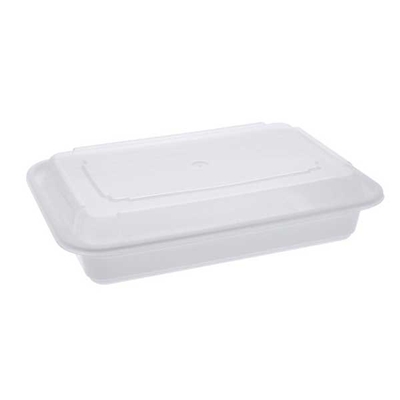 COMBO CONTENANT DELI BLANC RECTANGULAIRE BLANC 28OZ 150/CSE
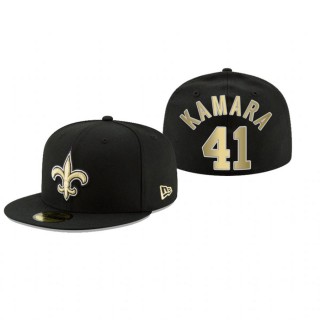 New Orleans Saints Alvin Kamara Black Omaha 59FIFTY Fitted Hat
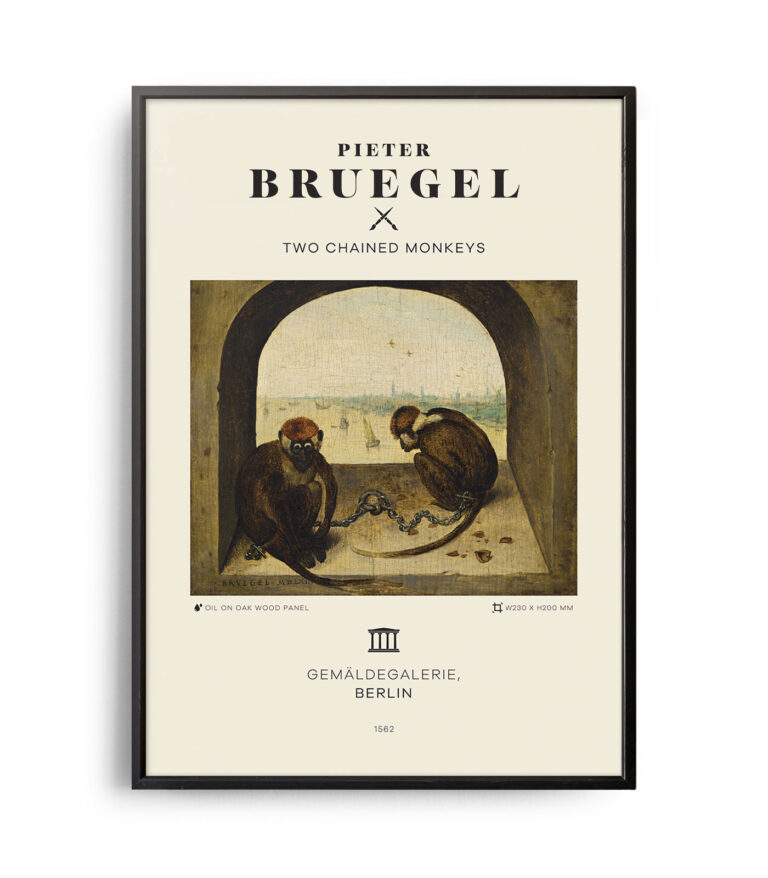 Mid-century modern Pieter Bruegel Two Chained Monkeys poster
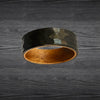 Black Hammered Ring Wood Wedding Band Tungsten Ring 8mm Koa Wood Ring Mens Wedding Bands with Wooden Inlay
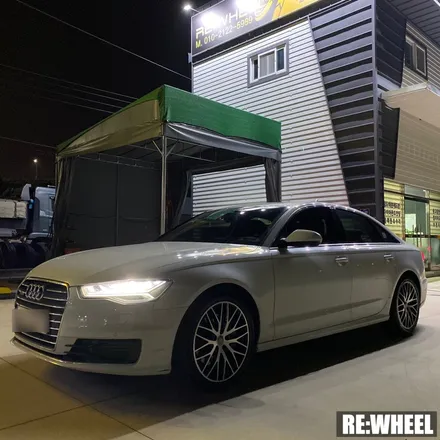 [리휠][분체도장] 아우디 A6 40TDI 콰트로 프리미엄 19인치 순정휠 블랙폴리쉬 커스텀 휠도색 작업 및 휠굴절 수리 작업후기 / 진주, 창원, 순천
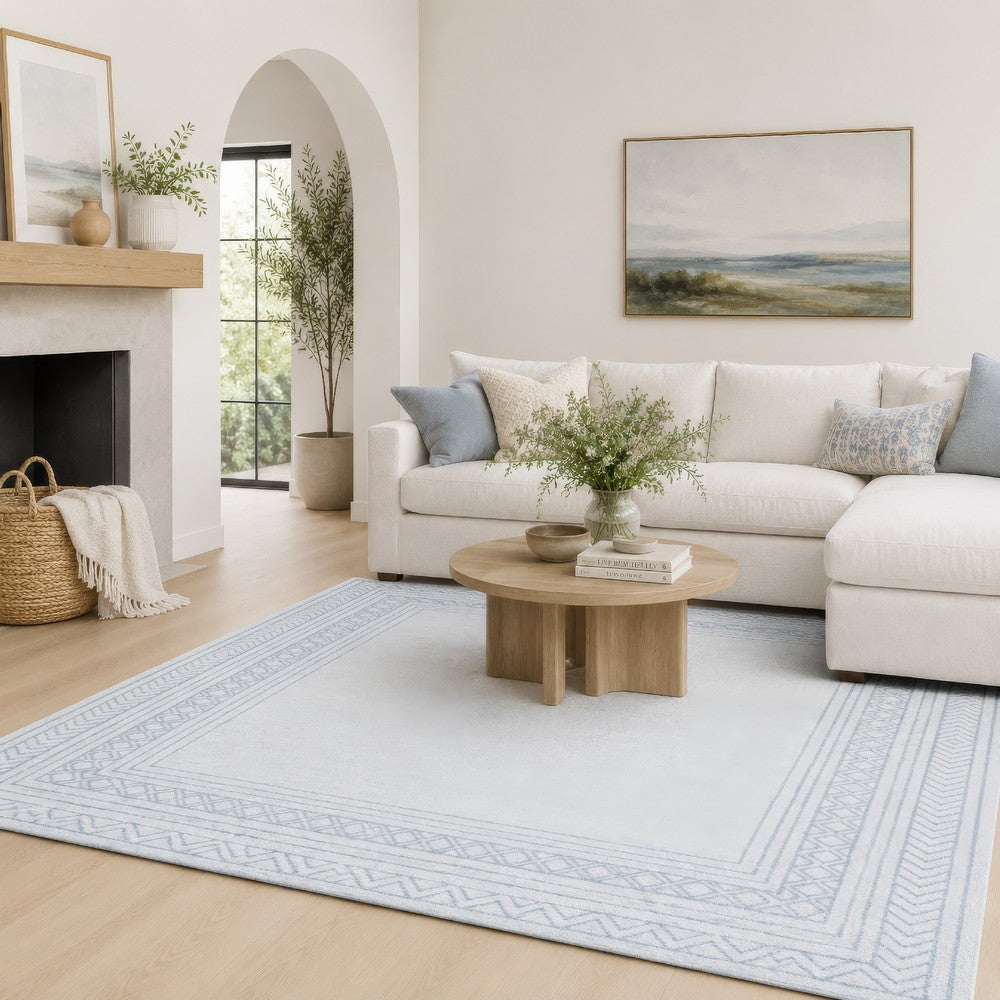 Hazel Hand-Tufted Large Area Rug | Chevron-Diamond Motifs | Blue-Ivory Wool 8x10
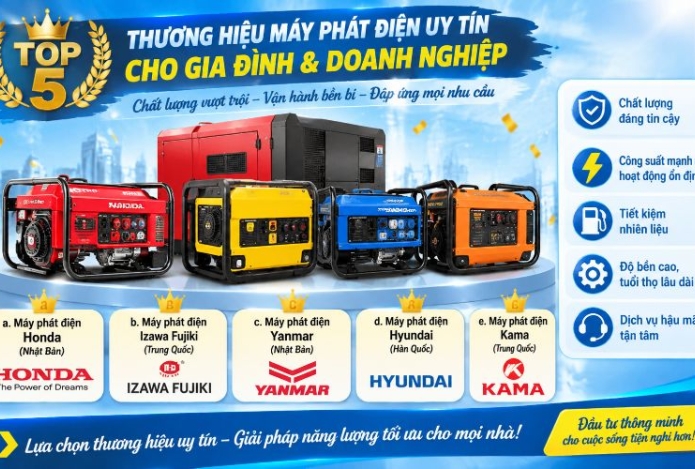 Top 5 Thương hiệu máy phát điện uy tín đáng mua hiện nay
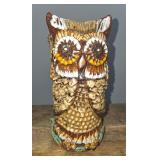 Stunning Copper Top Pottery Owl Figural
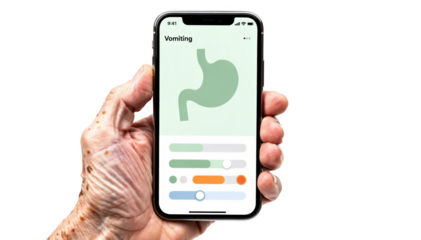 Smartphone screen showing a symptom tracking app interface for vomiting held by an elderly persons hand against a white background.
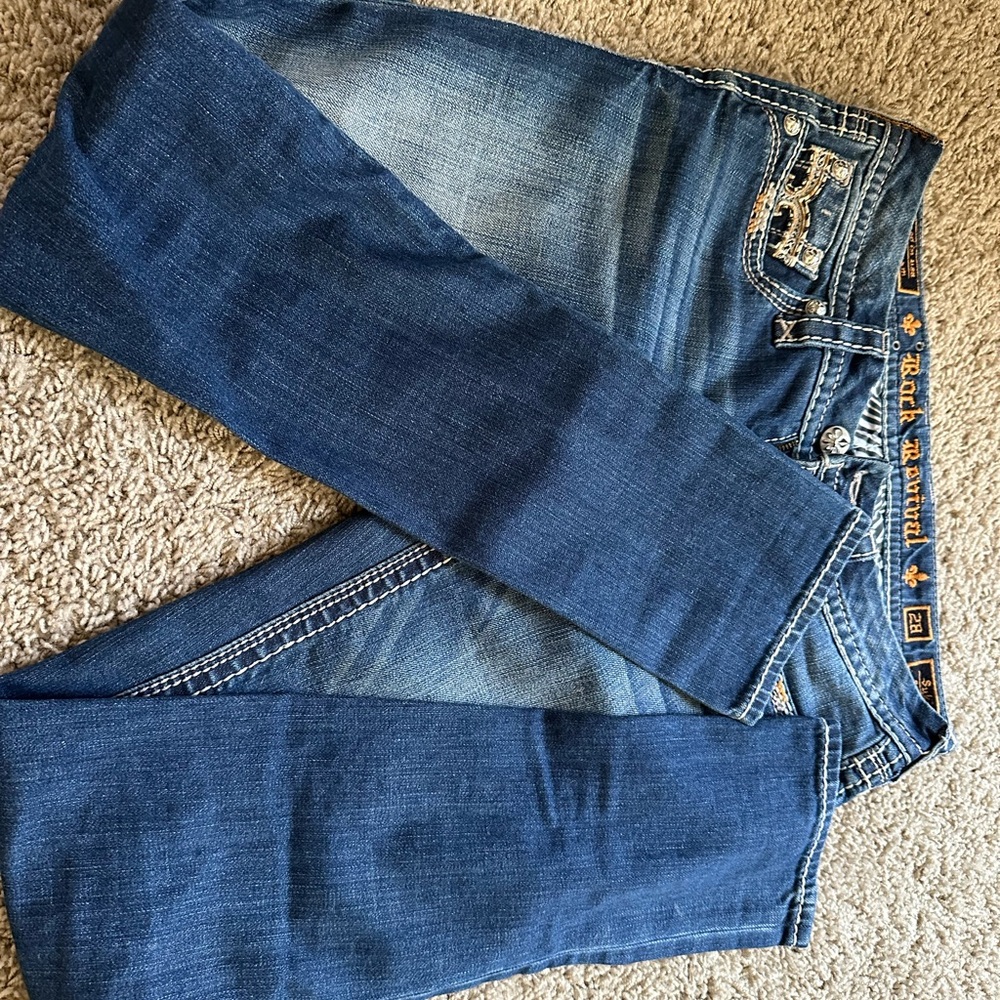 Rock Revival Blue Straight Leg Jeans with Contrast Stitching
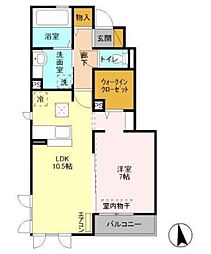 グリーンテリアGI 1階1LDKの間取り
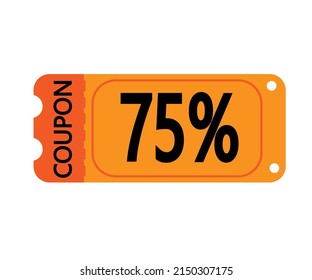 75% Off Coupon Vector. Orange Perforated Coupon Template On White Background For Stores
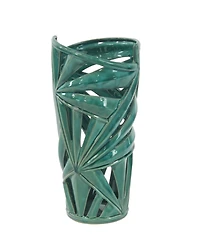 CosmoLiving by Cosmopolitan Green Stoneware Vase, 16 x 7 x 8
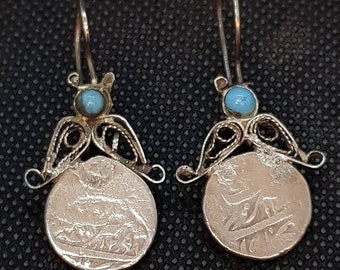 Ancient Roman Empire Soild Silver Unique Earings With Turquoise Stone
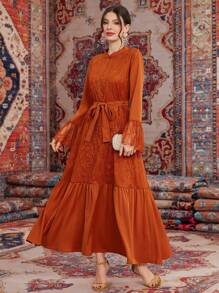 Al Najma Women's Patchwork Lace Ruffle Hem Swing Modest Dress - Orange - View 1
================
WHAT YOU HAVE TO DO: Your copy should hold exactly the lines from the one that contains "グリーンテリアGI 1階1LDKの間取り" through the final line of the data, both ends included, and no pictures.

TASK RESULT:
 グリーンテリアGI 1階1LDKの間取り
 75% Off Coupon Vector. Orange Perforated Coupon Template On White Background For Stores
 CosmoLiving by Cosmopolitan Green Stoneware Vase, 16 x 7 x 8
 Ancient Roman Empire Soild Silver Unique Earings With Turquoise Stone
 Al Najma Women's Patchwork Lace Ruffle Hem Swing Modest Dress - Orange - View 1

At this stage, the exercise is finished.